Moody’s relève la note de crédit du Bénin à Ba3 grâce à la croissance et aux progrès réalisés en matière d’endettement
TLDR
- Moody's a relevé la note souveraine du Bénin de B1 à Ba3, invoquant la croissance, la gestion budgétaire et les progrès réalisés en matière de dette publique.
- L'économie du Bénin a connu une croissance de 8,1 % en 2025, et Moody's prévoit une croissance annuelle comprise entre 6,5 % et 7 % jusqu'en 2030.
- Le Bénin a renforcé ses mesures dans divers domaines, mais des défis subsistent en matière de recettes publiques et de viabilité de la dette.
L'agence Moody’s Ratings a relevé la note souveraine du Bénin de B1 à Ba3 et a modifié la perspective, la faisant passer de « positive » à « stable », en invoquant la croissance, la gestion budgétaire et les progrès réalisés en matière de dette publique. Cette modification s'applique aux notes d'émetteur du Bénin en monnaie locale et en devises étrangères, ainsi qu'aux titres de dette émis par Bénin Sukuk SA. La note Ba3 reste inférieure de trois crans à la catégorie « investment grade ».
L’économie du Bénin a progressé de 8,1 % en 2025, soit sa plus forte croissance depuis 1990, après avoir affiché une croissance moyenne de 6,6 % par an depuis 2018. Moody’s prévoit une croissance annuelle comprise entre 6,5 % et 7 % jusqu’en 2030. Un rebasement des comptes nationaux de 2015 à 2023 a entraîné une augmentation du PIB nominal mesuré d’environ 25 %, le portant à 29 milliards de dollars.
Le déficit public est tombé à environ 3 % du PIB en 2025, contre 7 % en 2021, tandis que les recettes fiscales ont augmenté de 2,9 points de pourcentage du PIB. La dette publique, qui avait atteint un pic de 61 % du PIB en 2023 selon l’ancienne base de calcul du PIB de Moody’s, devrait retomber à environ 55 % d’ici 2028. Le coût moyen de la dette publique s’élevait à 3,4 % à la fin de 2025, avec une durée moyenne de près de 9 ans.
Le Bénin a également modifié ses modes de financement.
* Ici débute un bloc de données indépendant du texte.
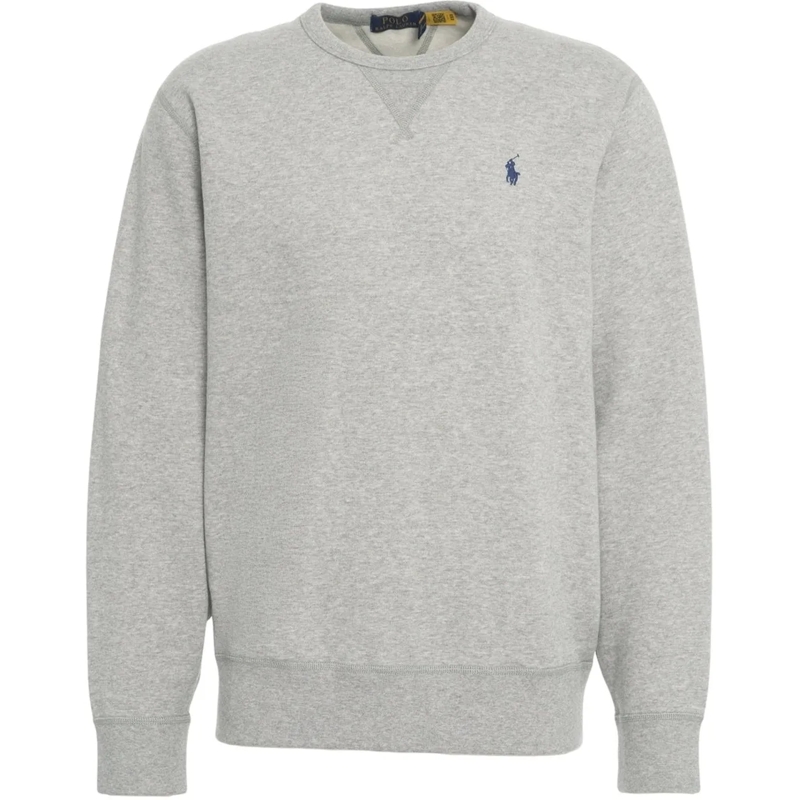 Ralph Lauren T-shirt Sweatshirt with logo embroidery grau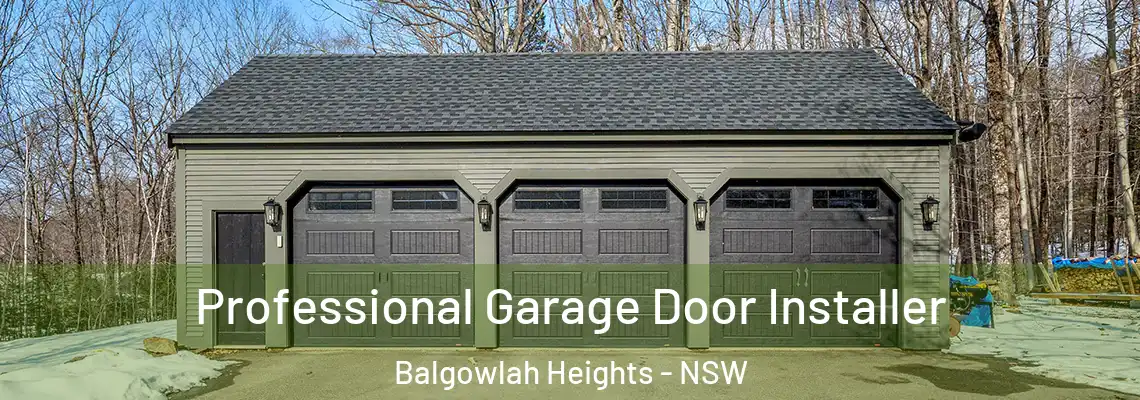  Professional Garage Door Installer Balgowlah Heights - NSW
Le gouvernement a émis un euro-obligataire lié aux ODD en 2021, une obligation en dollars d’une durée de 14 ans en 2024 et son premier sukuk souverain en 2026. La dette extérieure représente 77 % de la dette totale, bien que 85 % de l’encours de la dette soit libellé en euros ou en francs CFA, ce qui limite le risque de change puisque le franc CFA est indexé sur l’euro.
Des risques subsistent. Les recettes publiques, y compris les subventions, représentaient 15,8 % du PIB en 2025, contre une médiane de 27,2 % pour les États notés « Ba ». Moody’s a également mentionné la faiblesse des revenus, les risques sécuritaires liés au Sahel et l’exposition aux aléas climatiques. Une reclassification des prêts accordés aux entreprises publiques a ajouté 7 points de pourcentage au ratio d’endettement déclaré, mettant en évidence des lacunes dans les déclarations antérieures relatives à la dette.
Points clés à retenir
Cette révision à la hausse offre au Bénin une plus grande marge de manœuvre sur les marchés de la dette, mais elle ne rapproche pas pour autant le pays de la catégorie « investment grade ». La note Ba3 reste en effet inférieure de trois crans à la note Baa3 ; les investisseurs continueront donc à intégrer le risque de crédit dans leurs évaluations. Cette évolution est importante car le Bénin a amélioré plusieurs indicateurs simultanément : la croissance se maintient au-dessus de 6 % depuis des années, le déficit budgétaire est revenu dans la limite de 3 % fixée par l’UEMOA, les échéances de la dette se sont allongées et le gouvernement a mis en place de nouveaux instruments de financement. Son programme avec le FMI, qui s’est achevé en février, a satisfait à tous les critères quantitatifs et à 23 repères structurels, ce qui plaide en faveur de la continuité des politiques. La principale contrainte réside dans les recettes. À 15,8 % du PIB, les recettes publiques restent inférieures au niveau des pays bénéficiant de notations similaires, ce qui limite les liquidités disponibles pour assurer le service de la dette et financer les investissements. La part de 77 % de la dette extérieure constitue un autre point à surveiller, même si les emprunts en euros et en francs CFA limitent en partie le risque de change. Une notation plus élevée peut réduire les coûts d’emprunt si les investisseurs exigent une prime de risque moins élevée, mais l’effet dépendra des taux mondiaux et des conditions du marché. Pour obtenir un nouveau relèvement de sa notation, le Bénin devra augmenter ses recettes, élargir sa base d’exportation et maintenir le cap en matière de déclaration de la dette et de politique budgétaire.